Chappie Is Pretty Much an R-Rated Fairy Tale


Chappie is the third feature film from South African-born director Neill Blomkamp, and the second to be co-written with his wife Terri Tatchell. Blomkamp, who got his start in special effects, is known for his obsessively detailed futuristic visuals, but Tatchell is more focused on the characters. She thinks Chappie, about a police robot who becomes self-aware and childlike, benefits from her perspective as a mother and her research into developmental psychology.
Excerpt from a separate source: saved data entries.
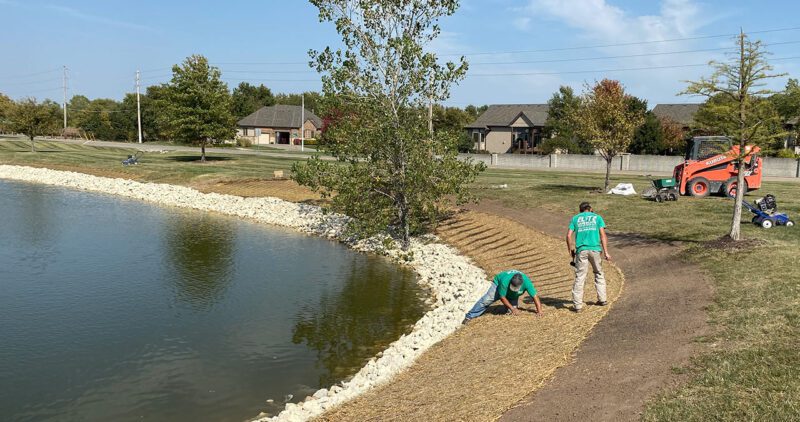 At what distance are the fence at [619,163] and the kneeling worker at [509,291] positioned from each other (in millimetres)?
38498

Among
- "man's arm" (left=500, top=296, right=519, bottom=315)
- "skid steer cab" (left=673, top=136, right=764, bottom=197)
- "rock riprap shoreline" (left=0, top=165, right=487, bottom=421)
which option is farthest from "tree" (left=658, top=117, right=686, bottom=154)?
"man's arm" (left=500, top=296, right=519, bottom=315)

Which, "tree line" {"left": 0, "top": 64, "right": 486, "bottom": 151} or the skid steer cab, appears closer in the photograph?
the skid steer cab

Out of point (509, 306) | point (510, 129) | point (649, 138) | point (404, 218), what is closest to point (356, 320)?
point (509, 306)

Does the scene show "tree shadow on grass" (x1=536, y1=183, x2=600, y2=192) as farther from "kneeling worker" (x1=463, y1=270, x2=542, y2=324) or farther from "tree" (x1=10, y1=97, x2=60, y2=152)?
"tree" (x1=10, y1=97, x2=60, y2=152)

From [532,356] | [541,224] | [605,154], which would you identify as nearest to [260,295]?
[532,356]

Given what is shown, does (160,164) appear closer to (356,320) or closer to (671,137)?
(356,320)

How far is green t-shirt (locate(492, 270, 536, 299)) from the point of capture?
13.3 m

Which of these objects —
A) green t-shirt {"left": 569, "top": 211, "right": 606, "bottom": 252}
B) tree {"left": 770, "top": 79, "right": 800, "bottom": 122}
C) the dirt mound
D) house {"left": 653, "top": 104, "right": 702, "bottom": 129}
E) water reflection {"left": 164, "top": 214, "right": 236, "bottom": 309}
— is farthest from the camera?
house {"left": 653, "top": 104, "right": 702, "bottom": 129}

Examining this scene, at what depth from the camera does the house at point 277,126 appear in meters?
102

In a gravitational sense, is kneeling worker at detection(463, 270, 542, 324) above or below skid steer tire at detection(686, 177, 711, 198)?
below

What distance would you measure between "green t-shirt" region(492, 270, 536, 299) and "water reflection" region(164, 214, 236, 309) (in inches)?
351

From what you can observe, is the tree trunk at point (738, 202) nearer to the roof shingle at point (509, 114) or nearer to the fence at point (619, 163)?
the fence at point (619, 163)

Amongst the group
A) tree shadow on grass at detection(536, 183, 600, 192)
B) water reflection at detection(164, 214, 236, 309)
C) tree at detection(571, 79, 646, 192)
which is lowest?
water reflection at detection(164, 214, 236, 309)

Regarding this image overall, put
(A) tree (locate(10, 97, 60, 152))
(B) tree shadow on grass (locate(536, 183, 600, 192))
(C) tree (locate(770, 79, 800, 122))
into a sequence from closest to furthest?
(C) tree (locate(770, 79, 800, 122)) → (B) tree shadow on grass (locate(536, 183, 600, 192)) → (A) tree (locate(10, 97, 60, 152)) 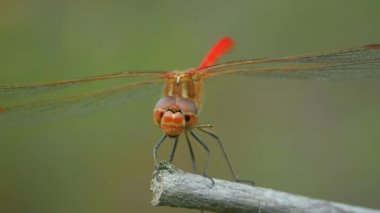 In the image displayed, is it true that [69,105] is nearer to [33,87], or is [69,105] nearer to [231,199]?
[33,87]

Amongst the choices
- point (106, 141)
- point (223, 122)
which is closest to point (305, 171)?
point (223, 122)

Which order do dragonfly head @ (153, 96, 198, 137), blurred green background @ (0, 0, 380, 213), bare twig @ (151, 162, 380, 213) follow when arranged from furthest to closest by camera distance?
blurred green background @ (0, 0, 380, 213), dragonfly head @ (153, 96, 198, 137), bare twig @ (151, 162, 380, 213)

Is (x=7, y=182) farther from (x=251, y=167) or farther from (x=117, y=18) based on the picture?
(x=117, y=18)

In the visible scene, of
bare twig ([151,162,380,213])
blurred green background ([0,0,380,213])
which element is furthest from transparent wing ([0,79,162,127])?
bare twig ([151,162,380,213])

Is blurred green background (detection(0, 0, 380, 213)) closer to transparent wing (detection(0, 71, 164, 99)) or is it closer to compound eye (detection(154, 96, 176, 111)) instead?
transparent wing (detection(0, 71, 164, 99))

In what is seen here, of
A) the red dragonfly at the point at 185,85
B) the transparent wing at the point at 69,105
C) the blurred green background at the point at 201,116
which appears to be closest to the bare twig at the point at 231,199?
the red dragonfly at the point at 185,85

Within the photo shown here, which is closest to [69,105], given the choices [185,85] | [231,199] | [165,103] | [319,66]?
[185,85] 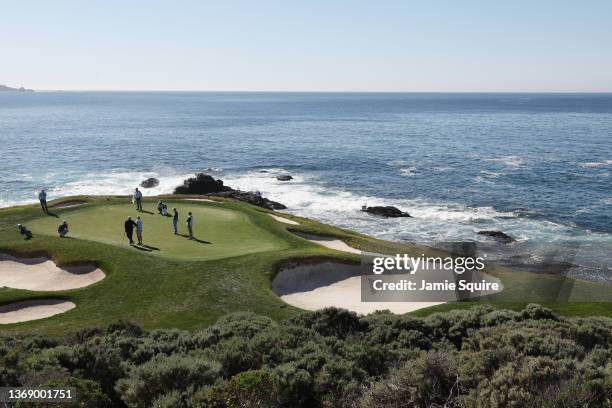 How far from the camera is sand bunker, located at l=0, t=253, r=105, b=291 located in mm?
23672

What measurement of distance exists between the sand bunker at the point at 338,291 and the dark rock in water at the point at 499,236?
1942 cm

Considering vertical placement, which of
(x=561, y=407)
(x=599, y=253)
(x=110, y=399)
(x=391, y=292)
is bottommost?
(x=599, y=253)

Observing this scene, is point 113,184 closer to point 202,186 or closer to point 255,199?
point 202,186

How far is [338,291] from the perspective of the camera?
24438 millimetres

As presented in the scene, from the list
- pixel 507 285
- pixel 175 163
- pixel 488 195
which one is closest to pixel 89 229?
pixel 507 285

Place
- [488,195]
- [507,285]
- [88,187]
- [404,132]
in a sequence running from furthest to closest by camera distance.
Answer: [404,132]
[88,187]
[488,195]
[507,285]

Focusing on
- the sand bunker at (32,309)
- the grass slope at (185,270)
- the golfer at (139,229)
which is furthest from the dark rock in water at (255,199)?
the sand bunker at (32,309)

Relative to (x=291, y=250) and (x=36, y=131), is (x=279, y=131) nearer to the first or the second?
(x=36, y=131)

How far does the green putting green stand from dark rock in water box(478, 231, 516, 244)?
22.9 m

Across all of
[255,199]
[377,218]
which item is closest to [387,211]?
[377,218]

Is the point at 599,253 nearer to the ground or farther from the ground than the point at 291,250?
nearer to the ground

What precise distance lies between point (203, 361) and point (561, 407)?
7.50m

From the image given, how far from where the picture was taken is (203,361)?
11.8m

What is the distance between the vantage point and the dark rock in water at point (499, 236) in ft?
142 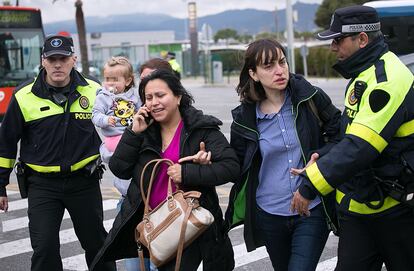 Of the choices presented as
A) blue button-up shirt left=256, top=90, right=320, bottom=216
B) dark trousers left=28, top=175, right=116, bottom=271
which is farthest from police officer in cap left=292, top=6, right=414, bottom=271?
dark trousers left=28, top=175, right=116, bottom=271

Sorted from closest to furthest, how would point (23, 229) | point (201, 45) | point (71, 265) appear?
point (71, 265) → point (23, 229) → point (201, 45)

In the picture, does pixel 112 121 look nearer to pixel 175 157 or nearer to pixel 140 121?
pixel 140 121

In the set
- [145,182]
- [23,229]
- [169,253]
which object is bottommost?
[23,229]

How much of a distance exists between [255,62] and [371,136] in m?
0.89

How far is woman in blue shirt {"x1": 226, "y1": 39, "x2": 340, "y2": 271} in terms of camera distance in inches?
141

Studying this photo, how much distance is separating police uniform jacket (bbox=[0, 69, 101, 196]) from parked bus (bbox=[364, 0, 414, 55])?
13.9ft

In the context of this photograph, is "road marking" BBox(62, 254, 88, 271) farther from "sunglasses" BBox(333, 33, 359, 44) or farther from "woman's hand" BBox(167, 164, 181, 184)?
"sunglasses" BBox(333, 33, 359, 44)

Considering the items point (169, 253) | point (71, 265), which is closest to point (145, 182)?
point (169, 253)

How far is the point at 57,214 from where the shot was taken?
4.43 metres

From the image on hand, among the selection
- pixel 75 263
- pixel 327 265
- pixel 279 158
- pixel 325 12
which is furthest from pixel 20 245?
pixel 325 12

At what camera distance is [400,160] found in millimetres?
3072

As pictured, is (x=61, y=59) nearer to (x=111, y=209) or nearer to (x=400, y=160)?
(x=400, y=160)

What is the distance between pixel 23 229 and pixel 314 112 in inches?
185

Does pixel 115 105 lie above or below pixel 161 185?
above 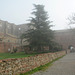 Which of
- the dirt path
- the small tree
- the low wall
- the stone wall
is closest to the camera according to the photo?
the low wall

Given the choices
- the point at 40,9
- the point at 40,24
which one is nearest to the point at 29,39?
the point at 40,24

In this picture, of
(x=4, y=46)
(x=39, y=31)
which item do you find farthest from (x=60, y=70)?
(x=4, y=46)

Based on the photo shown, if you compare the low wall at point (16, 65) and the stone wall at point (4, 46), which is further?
the stone wall at point (4, 46)

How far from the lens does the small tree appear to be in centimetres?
2119

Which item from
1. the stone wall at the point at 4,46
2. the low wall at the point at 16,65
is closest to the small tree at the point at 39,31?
the stone wall at the point at 4,46

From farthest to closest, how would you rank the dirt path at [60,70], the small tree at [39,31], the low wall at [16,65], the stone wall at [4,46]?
the stone wall at [4,46]
the small tree at [39,31]
the dirt path at [60,70]
the low wall at [16,65]

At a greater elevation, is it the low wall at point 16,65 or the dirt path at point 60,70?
the low wall at point 16,65

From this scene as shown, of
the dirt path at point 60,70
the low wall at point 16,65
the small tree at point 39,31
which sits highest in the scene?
the small tree at point 39,31

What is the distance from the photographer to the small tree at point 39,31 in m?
21.2

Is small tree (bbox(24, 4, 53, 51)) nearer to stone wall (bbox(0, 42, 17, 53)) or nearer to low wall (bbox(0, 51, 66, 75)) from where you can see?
stone wall (bbox(0, 42, 17, 53))

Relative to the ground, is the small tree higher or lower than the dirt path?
higher

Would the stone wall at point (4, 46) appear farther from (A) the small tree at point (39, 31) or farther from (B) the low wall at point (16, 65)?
(B) the low wall at point (16, 65)

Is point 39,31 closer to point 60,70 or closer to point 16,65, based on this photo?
→ point 60,70

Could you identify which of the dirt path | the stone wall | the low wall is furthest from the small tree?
the low wall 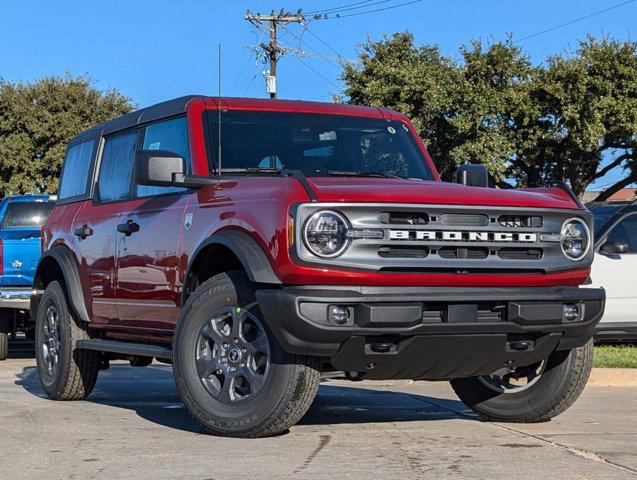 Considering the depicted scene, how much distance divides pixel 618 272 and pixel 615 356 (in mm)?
1009

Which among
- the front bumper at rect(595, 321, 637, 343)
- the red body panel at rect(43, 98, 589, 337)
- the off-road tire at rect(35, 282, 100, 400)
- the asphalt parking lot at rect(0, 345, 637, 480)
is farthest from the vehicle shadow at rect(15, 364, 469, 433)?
the front bumper at rect(595, 321, 637, 343)

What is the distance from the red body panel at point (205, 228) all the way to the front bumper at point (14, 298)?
13.5ft

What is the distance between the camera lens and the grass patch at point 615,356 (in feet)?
36.2

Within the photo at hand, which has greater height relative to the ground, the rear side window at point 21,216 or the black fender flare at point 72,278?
the rear side window at point 21,216

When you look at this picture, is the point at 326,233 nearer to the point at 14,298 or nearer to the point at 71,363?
the point at 71,363

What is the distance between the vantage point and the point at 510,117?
39.2m

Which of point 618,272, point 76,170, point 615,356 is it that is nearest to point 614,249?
point 618,272

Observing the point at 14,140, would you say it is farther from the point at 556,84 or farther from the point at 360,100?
the point at 556,84

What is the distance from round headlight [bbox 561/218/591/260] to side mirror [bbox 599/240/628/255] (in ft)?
19.2

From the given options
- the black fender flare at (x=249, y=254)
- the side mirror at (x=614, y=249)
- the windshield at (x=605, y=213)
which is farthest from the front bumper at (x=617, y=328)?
the black fender flare at (x=249, y=254)

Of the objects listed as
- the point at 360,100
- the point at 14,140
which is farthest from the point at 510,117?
the point at 14,140

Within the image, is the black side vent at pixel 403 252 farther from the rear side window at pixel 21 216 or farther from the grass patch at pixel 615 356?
the rear side window at pixel 21 216

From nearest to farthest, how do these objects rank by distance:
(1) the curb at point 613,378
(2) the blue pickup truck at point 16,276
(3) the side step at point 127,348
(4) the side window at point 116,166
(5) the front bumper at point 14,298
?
(3) the side step at point 127,348 → (4) the side window at point 116,166 → (1) the curb at point 613,378 → (5) the front bumper at point 14,298 → (2) the blue pickup truck at point 16,276

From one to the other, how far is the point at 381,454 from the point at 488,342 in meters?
0.85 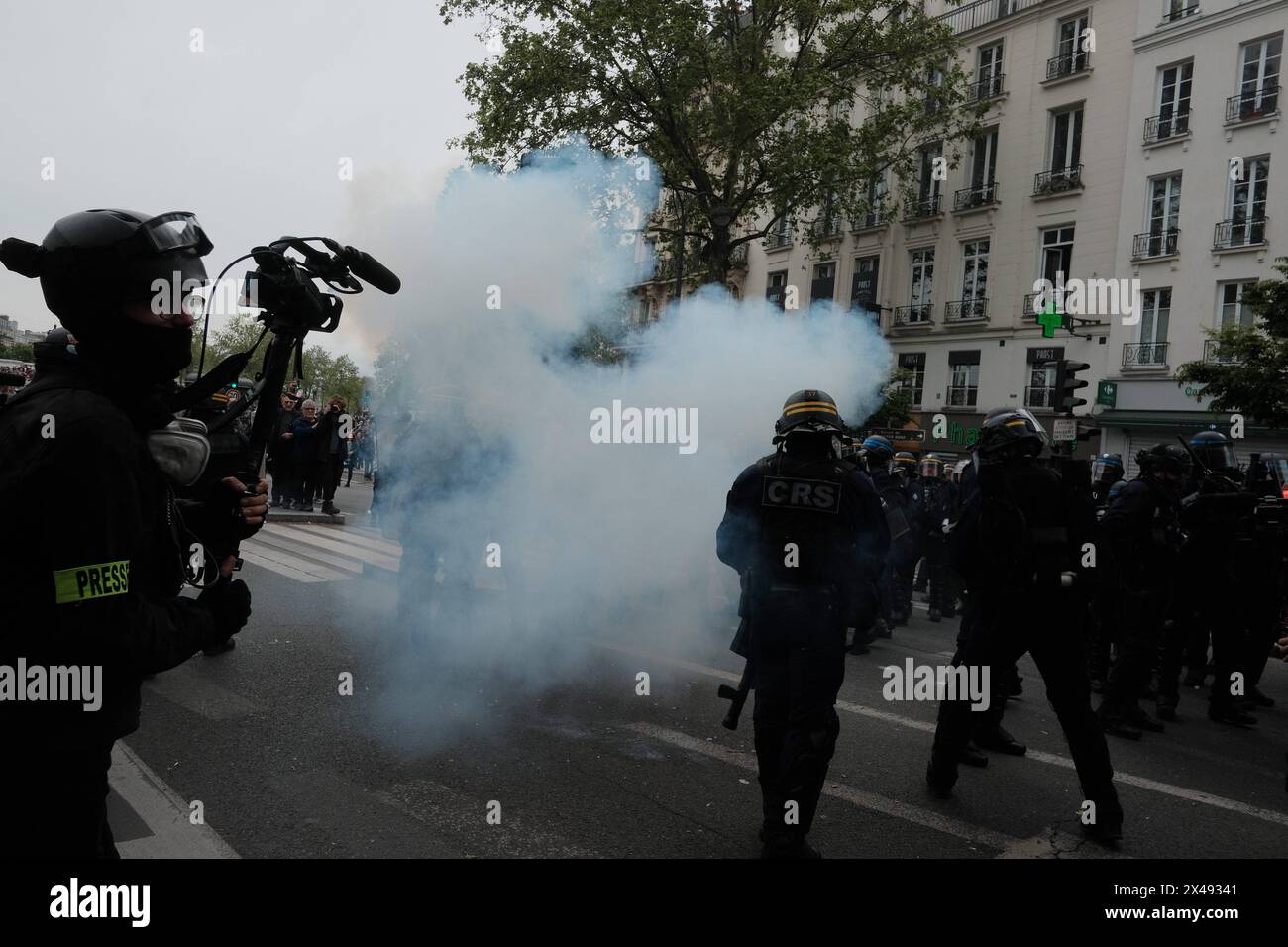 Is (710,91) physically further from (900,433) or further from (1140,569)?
(1140,569)

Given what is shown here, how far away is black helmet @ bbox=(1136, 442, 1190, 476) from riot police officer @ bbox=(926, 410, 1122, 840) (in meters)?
2.24

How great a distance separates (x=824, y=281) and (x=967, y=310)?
16.8 feet

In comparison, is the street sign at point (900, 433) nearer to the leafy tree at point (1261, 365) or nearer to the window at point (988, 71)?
the leafy tree at point (1261, 365)

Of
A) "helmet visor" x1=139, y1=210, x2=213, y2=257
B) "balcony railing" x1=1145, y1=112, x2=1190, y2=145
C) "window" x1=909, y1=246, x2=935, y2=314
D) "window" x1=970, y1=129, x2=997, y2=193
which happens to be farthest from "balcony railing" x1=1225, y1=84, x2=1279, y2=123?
"helmet visor" x1=139, y1=210, x2=213, y2=257

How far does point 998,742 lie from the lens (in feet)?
16.0

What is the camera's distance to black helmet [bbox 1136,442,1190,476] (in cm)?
581

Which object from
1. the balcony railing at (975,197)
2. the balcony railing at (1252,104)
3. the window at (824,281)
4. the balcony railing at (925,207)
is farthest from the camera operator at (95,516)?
the window at (824,281)

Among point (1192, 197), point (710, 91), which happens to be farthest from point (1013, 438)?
point (1192, 197)

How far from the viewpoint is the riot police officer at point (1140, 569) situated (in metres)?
5.29

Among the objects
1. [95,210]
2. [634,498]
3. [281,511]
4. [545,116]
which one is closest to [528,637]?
[634,498]

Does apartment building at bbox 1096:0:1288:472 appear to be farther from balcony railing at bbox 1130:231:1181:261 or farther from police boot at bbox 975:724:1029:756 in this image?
police boot at bbox 975:724:1029:756

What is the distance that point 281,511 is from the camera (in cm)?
1277

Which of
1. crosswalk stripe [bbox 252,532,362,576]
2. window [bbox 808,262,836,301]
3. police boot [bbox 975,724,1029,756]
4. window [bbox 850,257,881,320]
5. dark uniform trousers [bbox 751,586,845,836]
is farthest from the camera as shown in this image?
window [bbox 808,262,836,301] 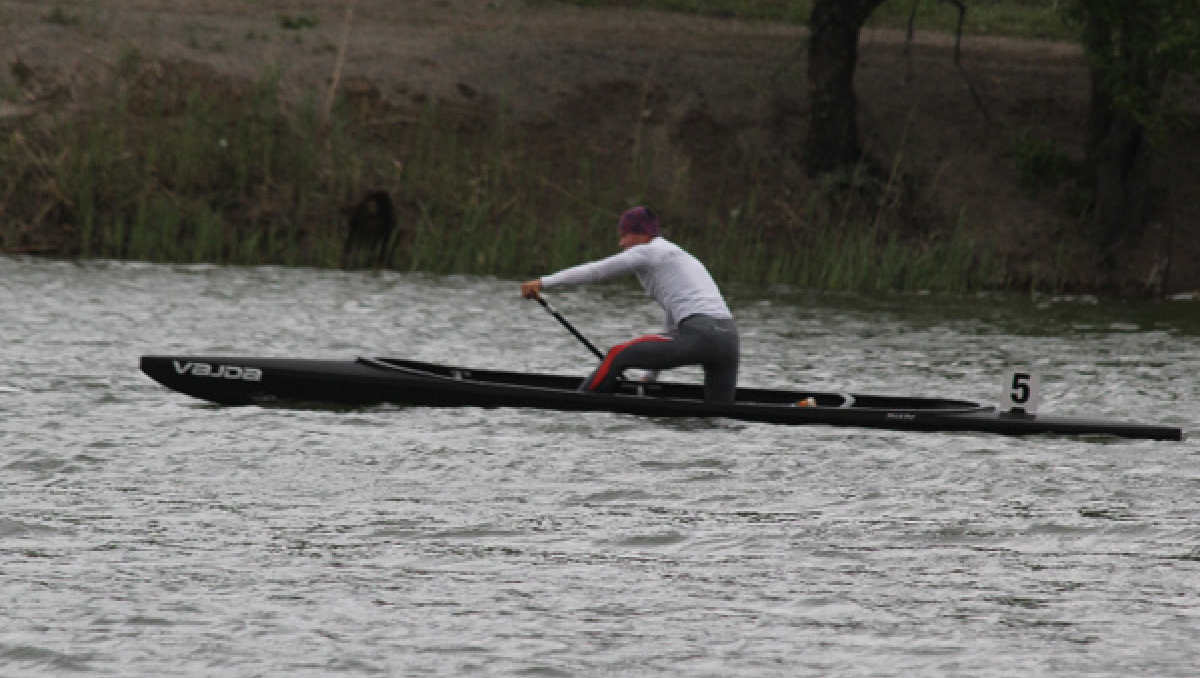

She also thinks the film is less about hardware and more about magic and wonder.


“Neill is the science fiction guy and I am more the fairy tale person,” Tatchell says in Episode 140 of the Geek’s Guide to the Galaxy podcast. “Neill and I disagree on this horribly, but to me it’s an R-rated fairy tale. It’s an inanimate object that’s being given a soul.”


Those sorts of creative differences among husband and wife can easily lead to an unhappy home, something the pair discovered while working together on District 9 . Afterward they swore off collaboration, and Blomkamp worked solo on his next film, Elysium . But when Tatchell heard the pitch for Chappie, she knew she wanted in. So in order to maintain a happy marriage, the pair agreed on a strict separation between home life and work.


“We didn’t ever talk face-to-face about the script,” Tatchell says. “We’d only email back and forth.”


That script, which is full of robots, gangs, and gun battles, might not seem like your average fairy tale, but for Tatchell the story harkens back to a time before Disney.


“The R-rated side of it dates back to the original fairy tales, where you get to be brutal and violent and terrifying with it,” she says.


Tatchell describes herself as relentlessly positive, and says she’s optimistic that sentient robots will be friendly toward humanity, but she also feels that darker themes often make for a more dramatic story. The darker side of Chappie was influenced by one of her favorite films, The Iron Giant , in which a friendly, childlike robot is hunted by a fearful military.


“I like the darkness,” she says. “There is darkness in life and there is light in life, and I think the darkness, the tragedy in life, makes the bright moments all the brighter.”


Listen to our complete interview with Terri Tatchell in Episode 140 of Geek’s Guide to the Galaxy (above), and check out some highlights from the discussion below.


Terri Tatchell on robots:


“We were just in Berlin, and there are lap-dancing robots in Berlin. There are three lap-dancing robots, and so of course I had to search them out and see, and I don’t know about the AI, but what robots are capable of is a lot more advanced than I thought it was. And we’re just seeing what’s out there, so who knows what’s being done behind closed doors. … I know the flavor of the month is to be dreading this, and thinking that it’s terrifying, but I tend to run around with rose-colored glasses on, and if they are that smart—I mean, the whole thing with Chappie to me is how humane he is, despite the fact that he isn’t human, and I would like to believe that if there is this superior intelligence, that behaving humanely would be a more intelligent way to be.”


Terri Tatchell on rappers Ninja and Yo-Landi:


“We wrote [the characters] as them, right from the get-go. When Neill first pitched me the idea, it was Ninja and Yo-Landi. So it’s always been them. … The first time I met Ninja and Yo-Landi was when they were playing in Vancouver at the Commodore, and we watched the show, and then we went backstage to meet them, and I’d heard that they had ‘D9′ [for District 9] tattooed in their lips, and I saw that, yeah, they did have D9 in their lips. But someone told me since then that if you get a tattoo in your lip, it’s not forever, that the tissue in your lip pushes the ink out—or whatever a tattoo is—so whether it’s still there or not I’m not sure. But Yo-Landi did get a ‘Chappie’ tattoo on her arm before the film was greenlit, and that added a little bit of pressure.”


Terri Tatchell on Neill Blomkamp:


“He’s an avid reader of anything science-based. He’s one of those guys that you can ask him about anything, and he knows the latest stats and the latest research. My daughter and I play a game of trying to find topics that we can throw at him where he won’t know something about the latest facts on it, and it’s tough. We’ll go to some female places to try to come up with some topics, and that’s about the only place we can win. … I think we got him with ovulation, something about ovulation.”


Terri Tatchell on swearing in her movies:


“Both my grandmas went to [District 9]. One of my grandmas is kind of deaf, so it was OK, she didn’t really know, but the other grandma was like, ‘Why did you have to have all that swearing in it?’ I was like, ‘That was Sharlto, grandma. He [improvised] all the swear words.’ But there’s a lot of swearing in this film too, and also Ninja and Yo-Landi decorated their own lair, and Ninja drew penises everywhere. So there’s penises all over their lair, and I’m just waiting for—my other grandma’s passed away, but the one that’s kind of deaf, she’s going to see those penises, so I’m not looking forward to that conversation at all.”